Experiencias de una mamá con diabetes

Por Rosemary Black

Como padre, quizá pensaste que podías proteger a tu hijo de cualquier peligro si te asegurabas de que comiera bien, durmiera lo suficiente y estuviera al día con las vacunas recomendadas. Pero todo cambió cuando tu hijo fue diagnosticado con diabetes tipo 1. En un instante la vida de tu familia tal como la conocían se habría alterado por siempre, y te diste cuenta de que la idea de que podías librar a tu hijo de cualquier peligro no siempre es posible.

Cuando un niño es diagnosticado con diabetes, el impacto en los padres y hermanos es intenso. “Se impacta todo”, dice Kellie Rodríguez, directora de educación al paciente del Instituto de Investigación de la Diabetes (DRI por sus siglas en inglés). “Puede debilitar las relaciones familiares o puede fortalecerlas”.

Esto es lo que debes saber:

Es importante evitar hacer comidas especiales sólo para el hijo que tiene diabetes.
En lugar de eso, prepara comidas saludables para toda la familia. El mismo plan alimentario que funciona para aquellos con diabetes también funciona para toda la familia. Rodríguez dice: “Es una forma sana de comer, con ingredientes frescos, carnes magras y muchos vegetales”.

Espera algún tipo de competencia entre hermanos.
Tus otros hijos no pueden evitar notar cuánta atención le prestas al hijo que tiene diabetes mientras aprendes a reconocer una reacción a una baja de azúcar, medir la glucosa sanguínea y administrar inyecciones. Así que no te sorprendas al ver alguna reacción mientras los otros niños buscan tu atención. Hazte el propósito de disponer de tiempo regularmente para pasar con tus otros hijos no-diabéticos, aunque sea para ir a comer pizza o dar un paseo juntos.

Espera sentirte culpable.
“Los padres quizá puedan sentir que ellos causaron la diabetes de sus hijos, así que hay una gran percepción de culpa”, dice Rodríguez. No dejes que esos sentimientos de culpa te lleven a consentir a tu hijo y dejar que se escape con algún comportamiento inapropiado. Si no puedes sacudirte el sentimiento de culpa, hablar con el médico de tu hijo quizá te ayude a comprender que nada de lo que hicistee “causó” la diabetes de tu hijo.

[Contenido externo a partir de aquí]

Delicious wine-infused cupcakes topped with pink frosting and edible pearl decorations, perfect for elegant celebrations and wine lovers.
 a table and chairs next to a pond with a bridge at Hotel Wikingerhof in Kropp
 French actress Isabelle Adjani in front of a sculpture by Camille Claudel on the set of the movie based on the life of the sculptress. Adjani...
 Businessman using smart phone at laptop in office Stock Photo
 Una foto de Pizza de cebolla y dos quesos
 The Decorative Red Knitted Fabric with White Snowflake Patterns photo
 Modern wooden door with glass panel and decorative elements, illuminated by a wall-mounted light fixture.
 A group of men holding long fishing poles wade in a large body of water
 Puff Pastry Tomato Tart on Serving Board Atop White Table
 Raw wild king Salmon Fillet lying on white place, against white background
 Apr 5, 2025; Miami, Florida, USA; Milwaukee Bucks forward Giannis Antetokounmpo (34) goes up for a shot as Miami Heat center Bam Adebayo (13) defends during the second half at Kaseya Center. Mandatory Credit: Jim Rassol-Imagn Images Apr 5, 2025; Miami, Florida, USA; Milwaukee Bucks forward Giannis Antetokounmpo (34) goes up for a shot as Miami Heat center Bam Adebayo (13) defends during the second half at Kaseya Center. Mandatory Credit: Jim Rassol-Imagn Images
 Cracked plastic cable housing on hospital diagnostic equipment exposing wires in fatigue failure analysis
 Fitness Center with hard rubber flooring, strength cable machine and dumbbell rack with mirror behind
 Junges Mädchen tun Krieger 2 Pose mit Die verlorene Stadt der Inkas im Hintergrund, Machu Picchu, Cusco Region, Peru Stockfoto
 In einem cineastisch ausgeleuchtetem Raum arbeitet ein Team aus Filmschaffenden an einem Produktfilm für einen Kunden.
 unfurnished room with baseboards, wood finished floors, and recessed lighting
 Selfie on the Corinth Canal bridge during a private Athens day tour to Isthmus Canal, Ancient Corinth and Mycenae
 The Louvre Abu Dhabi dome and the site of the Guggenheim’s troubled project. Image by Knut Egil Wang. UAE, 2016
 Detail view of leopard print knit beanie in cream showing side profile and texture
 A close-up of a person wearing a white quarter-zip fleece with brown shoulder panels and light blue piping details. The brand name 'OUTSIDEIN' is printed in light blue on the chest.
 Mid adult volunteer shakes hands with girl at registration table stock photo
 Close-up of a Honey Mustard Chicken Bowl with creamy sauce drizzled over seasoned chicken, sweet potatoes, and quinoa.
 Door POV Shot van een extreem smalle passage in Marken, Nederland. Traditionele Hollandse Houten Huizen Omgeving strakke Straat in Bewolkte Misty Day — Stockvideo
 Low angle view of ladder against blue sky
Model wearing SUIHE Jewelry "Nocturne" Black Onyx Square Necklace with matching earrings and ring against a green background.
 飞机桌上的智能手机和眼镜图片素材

Ten cuidado con lo que dices al discutir los valores de azúcar en sangre de tu hijo.
Rodríguez dice: “No se refiera a los valores de azúcar como “buenos o malos”. En lugar de eso habla de valores altos y bajos. Tu meta es que tu hijo se sienta cómodo al acudir a ti cuando exista un problema y no intente esconder los resultados porque piense que te vas a molestar o decepcionar. “Resuelve el problema con tu hijo”. Dice Rodríguez “Si tu hijo viene a ti y dice que tiene un valor de azúcar de 400, dale las gracias por avisarte y pídele ayuda para buscar una forma de evitar eso en el futuro”. Quieres que tu hijo se comunique contigo y tenga sensaciones positivas sobre su habilidad para ayudar a controlar sus valores de azúcar.

Habla con tu hijo sobre sus sentimientos, dice Stepahie Maglio, RN, BSN, quien trabaja en el departamento ambulatorio de niños de pediatría endocrinológica en el Hospital de Niños Sherman & Walter Samuelson en el Hospital Sinai de Baltimore. “Dile a tu hijo que aunque lamentas que tiene diabetes, es una condición que juntos pueden tratar y manejar”, dice. “Recuérdale que no le toma más de 20 minutos de su día el lidiar con medirse el aúcar y aplicarse la insulina”. Y aliéntalo a involucrarse en su propio cuidado tan pronto como su médico piense que es apropiado.

Mantente alerta con tu hijo, pero no seas un padre helicóptero.
Por supuesto que es un delicado equilibrio, dice Maglio. Cada niño es distinto, así que pregúntale a tu médico qué edad debe tener un niño antes de asumir algunas de las responsabilidades diarias, como aplicarse la insulina. “Pero sin importar si tu hijo tiene 10 o 17 años, ellos necesitan supervisión”, dice Maglio. Es especialmente crítico en la secundaria, añade. “En la secundaria muchos niños simplemente quieren olvidarse de la diabetes, pero estos niños necesitan de alguien que mire por encima de su hombro de modo de que su cuidado no quede de lado”.